IPB

Welcome Guest ( Log In | Register )

> foobar2000 General Forum Rules

This is NOT a tech support forum.
Tech support questions go to foobar2000 Tech Support forum instead.

See also: Hydrogenaudio Terms of Service.

 
Reply to this topicStart new topic
(possible feature request) field for audio hash
Nisto
post Oct 28 2012, 04:58
Post #1





Group: Members
Posts: 55
Joined: 27-September 09
Member No.: 73522



Hi. Is there a way to access a hash (of any kind), or actually just any way to identify the actual audio of a file? I'm using the customdb component, and it needs key(s) in order to know which tags goes to which tracks. I have only used tags as keys so far, but I realized I come across tag-less files--and even files incapable of being tagged--every so often, so that of course means any data for these type of files, from customdb, will be merged with other tag-less files. But that's really just one of the ways tags or general file information can crash (for me anyway).

Anyway... as far as I know, foobar2000 doesn't really provide a simple "%hash%" field right? (Sure, there's %__md5% but not all containers define MD5 hashes...) If that's really the case, then I'm guessing the reason it hasn't been implemented yet, is either because you didn't see any use for it, or because it would slow down the software a bit? But how would it be if you at least allowed users to "enable" a hash field through a standard component (e.g. optional when installing fb2k)?

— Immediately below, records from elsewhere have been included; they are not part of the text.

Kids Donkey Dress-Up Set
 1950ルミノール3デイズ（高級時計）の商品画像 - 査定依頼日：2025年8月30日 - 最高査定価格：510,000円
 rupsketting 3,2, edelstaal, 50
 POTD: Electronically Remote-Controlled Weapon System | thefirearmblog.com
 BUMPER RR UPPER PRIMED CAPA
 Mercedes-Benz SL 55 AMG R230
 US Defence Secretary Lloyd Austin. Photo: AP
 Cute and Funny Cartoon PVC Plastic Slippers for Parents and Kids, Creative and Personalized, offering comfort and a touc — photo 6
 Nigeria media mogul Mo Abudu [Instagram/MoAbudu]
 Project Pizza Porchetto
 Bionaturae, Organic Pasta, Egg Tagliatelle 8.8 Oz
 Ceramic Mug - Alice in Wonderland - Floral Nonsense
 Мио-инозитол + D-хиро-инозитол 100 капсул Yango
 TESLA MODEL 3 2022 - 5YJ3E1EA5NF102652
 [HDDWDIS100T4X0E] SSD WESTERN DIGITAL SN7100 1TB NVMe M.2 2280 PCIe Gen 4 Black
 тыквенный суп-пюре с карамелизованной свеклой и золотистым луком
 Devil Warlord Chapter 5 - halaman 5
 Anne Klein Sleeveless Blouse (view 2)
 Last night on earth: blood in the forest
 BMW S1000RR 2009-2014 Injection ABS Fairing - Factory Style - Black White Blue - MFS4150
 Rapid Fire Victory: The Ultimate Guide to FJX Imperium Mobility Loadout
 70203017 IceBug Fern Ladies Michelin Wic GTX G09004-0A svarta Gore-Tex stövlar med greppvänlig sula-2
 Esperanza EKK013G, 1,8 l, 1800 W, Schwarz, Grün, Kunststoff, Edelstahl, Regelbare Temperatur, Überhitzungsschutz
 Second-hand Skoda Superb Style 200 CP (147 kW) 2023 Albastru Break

I did read this topic by the way, but I don't like the idea of storing these IDs in the tags.

Thanks!
Go to the top of the page
+Quote Post
mudlord
post Oct 28 2012, 05:25
Post #2





Group: Developer (Donating)
Posts: 818
Joined: 1-December 07
Member No.: 49165



So you basically want a component that adds a audio hash for the raw PCM/data from the decoders, right?
Go to the top of the page
+Quote Post
Nisto
post Oct 28 2012, 18:45
Post #3





Group: Members
Posts: 55
Joined: 27-September 09
Member No.: 73522



QUOTE (mudlord @ Oct 28 2012, 06:25) *
So you basically want a component that adds a audio hash for the raw PCM/data from the decoders, right?


Yeah! Is it doable?
Go to the top of the page
+Quote Post
kode54
post Oct 28 2012, 19:05
Post #4





Group: Admin
Posts: 4691
Joined: 15-December 02
Member No.: 4082



It would need to scan every file at least once, and then it would need to store the hash somewhere. And then I'm not really sure how it would display it, if it were not stored as a normal metadata field.
Go to the top of the page
+Quote Post
Nisto
post Oct 28 2012, 19:29
Post #5





Group: Members
Posts: 55
Joined: 27-September 09
Member No.: 73522



QUOTE (kode54 @ Oct 28 2012, 20:05) *
It would need to scan every file at least once, and then it would need to store the hash somewhere. And then I'm not really sure how it would display it, if it were not stored as a normal metadata field.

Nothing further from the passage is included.